Project-wide conventions for Sigra contributors. These are not rules the compiler enforces — they are the discipline that keeps the library's security guarantees real.
Sigra's multi-tenancy model rests on one invariant: every query that
touches an organization_id-bearing schema must be scoped to the caller's
active organization. Violations cause cross-tenant data leaks (Pitfall
O-1 in the v1.1 research).
Sigra enforces this with two layers.
Every context function that reads an org-scoped resource must pass the
query through Sigra.Organizations.Query.for_org/2 before handing it to
the Repo:
# Good
Post
|> Sigra.Organizations.Query.for_org(scope)
|> Repo.all()
# Bad — reads every org's posts
Repo.all(Post)for_org/2 accepts either a %Scope{} (reads scope.active_organization.id)

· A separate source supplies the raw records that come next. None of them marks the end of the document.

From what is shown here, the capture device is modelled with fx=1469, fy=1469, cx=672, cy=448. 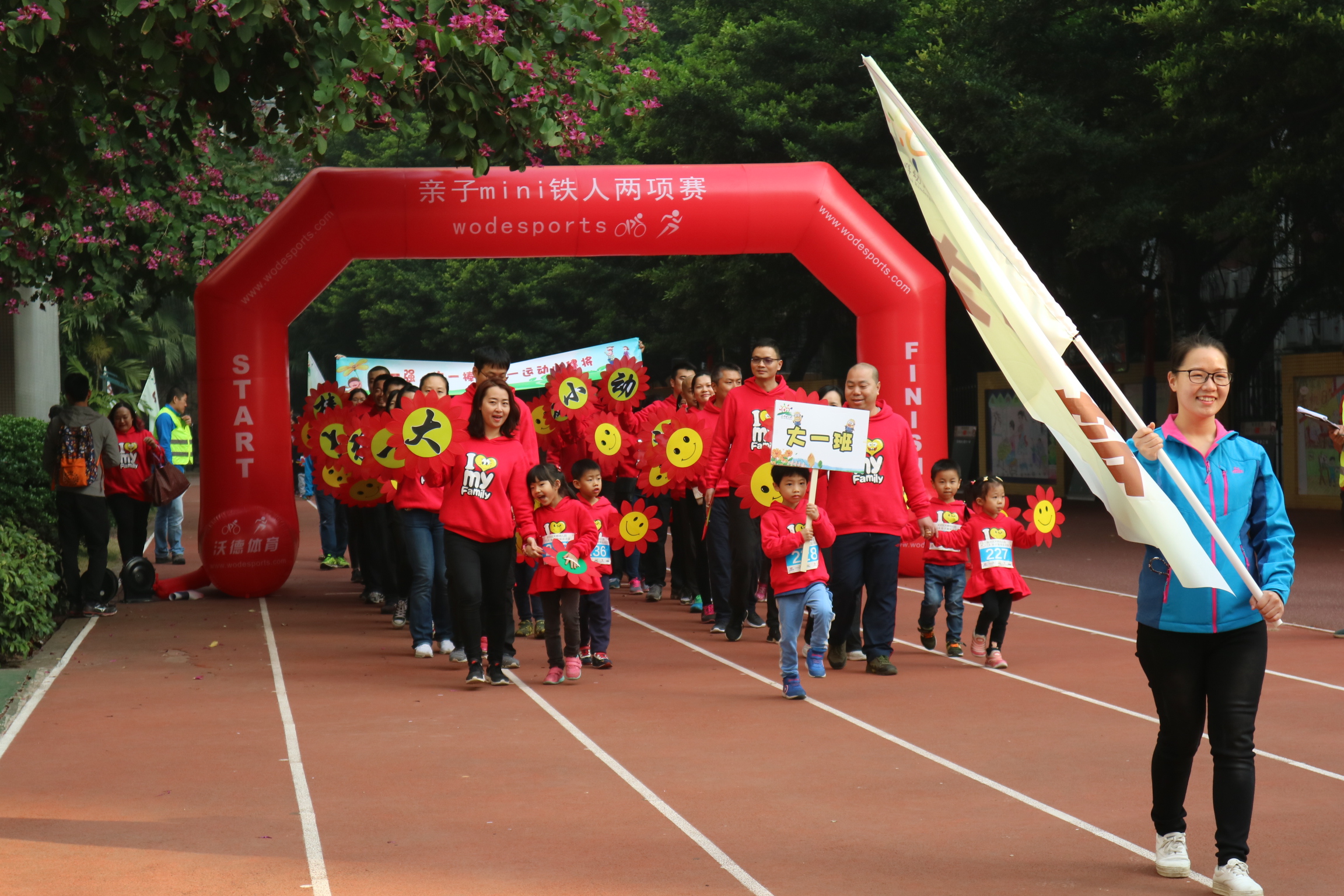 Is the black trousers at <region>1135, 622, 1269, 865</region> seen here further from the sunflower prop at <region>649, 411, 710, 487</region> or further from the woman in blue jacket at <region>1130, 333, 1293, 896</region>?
the sunflower prop at <region>649, 411, 710, 487</region>

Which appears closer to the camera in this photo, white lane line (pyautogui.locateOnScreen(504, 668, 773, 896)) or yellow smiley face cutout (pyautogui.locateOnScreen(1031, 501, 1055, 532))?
white lane line (pyautogui.locateOnScreen(504, 668, 773, 896))

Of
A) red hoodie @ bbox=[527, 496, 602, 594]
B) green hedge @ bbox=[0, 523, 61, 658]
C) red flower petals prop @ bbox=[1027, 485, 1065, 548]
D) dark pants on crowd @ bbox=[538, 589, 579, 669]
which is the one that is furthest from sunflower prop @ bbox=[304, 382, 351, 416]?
red flower petals prop @ bbox=[1027, 485, 1065, 548]

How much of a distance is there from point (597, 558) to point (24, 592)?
3.86 m

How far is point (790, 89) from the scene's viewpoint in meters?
24.0

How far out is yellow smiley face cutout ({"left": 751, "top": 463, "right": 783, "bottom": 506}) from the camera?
8.23 m

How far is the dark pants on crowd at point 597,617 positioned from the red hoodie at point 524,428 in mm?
963

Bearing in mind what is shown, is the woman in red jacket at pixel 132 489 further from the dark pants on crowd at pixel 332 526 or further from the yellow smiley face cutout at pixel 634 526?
the yellow smiley face cutout at pixel 634 526

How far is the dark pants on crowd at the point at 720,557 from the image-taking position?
10.4 metres

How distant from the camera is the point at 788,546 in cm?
787

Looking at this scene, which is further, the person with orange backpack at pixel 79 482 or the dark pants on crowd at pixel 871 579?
the person with orange backpack at pixel 79 482

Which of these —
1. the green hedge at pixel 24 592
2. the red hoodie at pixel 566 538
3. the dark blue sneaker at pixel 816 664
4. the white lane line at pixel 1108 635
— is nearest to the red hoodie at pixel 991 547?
the white lane line at pixel 1108 635

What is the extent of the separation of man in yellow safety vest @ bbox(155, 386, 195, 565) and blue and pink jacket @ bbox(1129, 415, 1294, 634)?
538 inches

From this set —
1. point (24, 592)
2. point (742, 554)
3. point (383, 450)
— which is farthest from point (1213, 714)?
point (24, 592)

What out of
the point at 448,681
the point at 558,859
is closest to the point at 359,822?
the point at 558,859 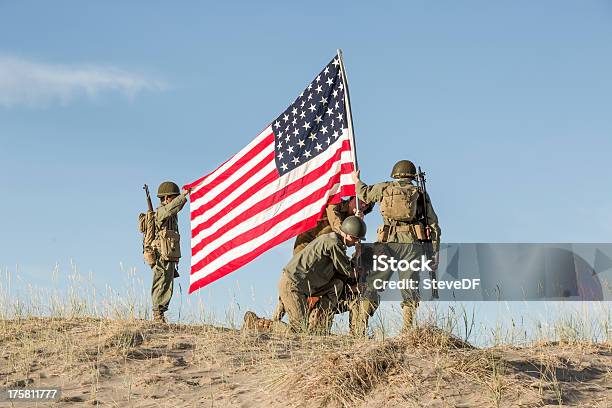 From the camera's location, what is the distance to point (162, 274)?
563 inches

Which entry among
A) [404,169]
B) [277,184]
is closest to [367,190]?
[404,169]

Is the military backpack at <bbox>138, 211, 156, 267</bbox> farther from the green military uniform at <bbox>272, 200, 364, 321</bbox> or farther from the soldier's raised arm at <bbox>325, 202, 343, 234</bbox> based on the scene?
the soldier's raised arm at <bbox>325, 202, 343, 234</bbox>

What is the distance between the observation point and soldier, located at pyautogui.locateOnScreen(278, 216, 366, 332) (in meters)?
11.1

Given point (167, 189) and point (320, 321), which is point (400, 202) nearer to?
point (320, 321)

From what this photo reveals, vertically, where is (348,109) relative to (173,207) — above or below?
above

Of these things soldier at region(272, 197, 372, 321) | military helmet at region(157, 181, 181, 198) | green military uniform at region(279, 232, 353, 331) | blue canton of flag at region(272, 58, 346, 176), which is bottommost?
green military uniform at region(279, 232, 353, 331)

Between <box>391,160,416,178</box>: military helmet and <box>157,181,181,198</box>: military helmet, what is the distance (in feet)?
13.2

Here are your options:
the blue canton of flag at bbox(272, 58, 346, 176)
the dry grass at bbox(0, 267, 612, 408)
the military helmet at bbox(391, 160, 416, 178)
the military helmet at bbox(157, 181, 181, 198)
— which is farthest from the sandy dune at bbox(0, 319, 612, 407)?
the military helmet at bbox(157, 181, 181, 198)

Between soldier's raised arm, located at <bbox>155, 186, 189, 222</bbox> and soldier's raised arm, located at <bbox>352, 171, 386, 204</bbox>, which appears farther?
soldier's raised arm, located at <bbox>155, 186, 189, 222</bbox>

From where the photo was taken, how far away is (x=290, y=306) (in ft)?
36.8

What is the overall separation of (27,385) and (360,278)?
14.1 ft

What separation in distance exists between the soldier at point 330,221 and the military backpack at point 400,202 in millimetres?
552

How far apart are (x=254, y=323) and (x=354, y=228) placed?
78.1 inches

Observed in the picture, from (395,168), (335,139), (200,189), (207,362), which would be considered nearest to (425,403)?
(207,362) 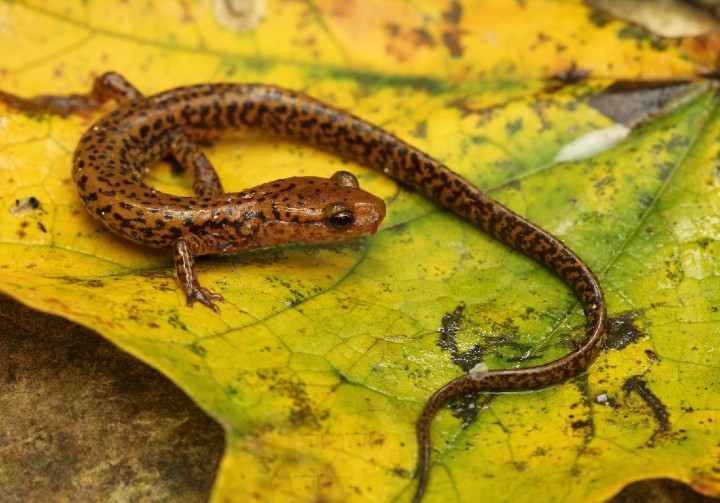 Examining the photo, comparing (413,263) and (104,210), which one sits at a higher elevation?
(104,210)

or a raw binary organization ID. It raises ArgumentError if the schema
does not have an :organization_id field, so bugs surface at the call
site instead of leaking data.
This is the layer contributors see. Discipline here is what keeps the library correct.
If a contributor forgets Layer 1, Sigra.Organizations.Query.maybe_enforce_org_scope/4
catches the omission at Repo time via the host app's generated
prepare_query/3 callback. It inspects the query's WHERE expressions for
an organization_id filter and raises ArgumentError if the schema is in
the enforced list and no filter is present.
This layer is load-bearing: it makes cross-tenant leaks loud in
development and test even when Layer 1 is forgotten. Do not rely on it as
the primary guard — the error message at a missing for_org/2 call is
much clearer than an error at the Repo.
Sigra shipped the DX-09 spike as a narrow custom Credo check:
Sigra.Credo.NoUnscopedOrgQueryInLib.
It flags obvious unscoped Repo.all/one/get/get_by calls on known
org-scoped schemas inside lib/sigra/** when the call site skips
Sigra.Organizations.Query.for_org/2. This is defense-in-depth, not a
replacement for Layer 1. Contributors should still treat for_org/2 as
the primary scoping discipline and rely on the lint rule only to catch the
most obvious drift.
Some queries are legitimately unscoped: admin dashboards, cross-tenant
analytics, the installer's schema inspection. Pass skip_org_check: true
in Repo opts to bypass Layer 2:
# Legitimate: admin dashboard listing all orgs
Repo.all(Organization, skip_org_check: true)Every skip_org_check: true call site is a documented exception.
Reviewers should push back on new usages that are not admin-scoped,
installer-scoped, or audit-scoped.
Layer 2's filter detection walks the query's WHERE expression AST looking
for references to an :organization_id field. This is a heuristic, not a
prover:
- It recognizes direct comparisons (
r.organization_id == ^org_id) and references nested inside compound boolean expressions. - It can false-positive on cross-tenant joins
(
r.organization_id == r2.organization_id) and onis_nil(r.organization_id). Neither of these constrains the query to a specific tenant, but the heuristic will pass them through. - On inspection failure (malformed AST, future Ecto version changes), it logs a warning and passes the query through to avoid false positives.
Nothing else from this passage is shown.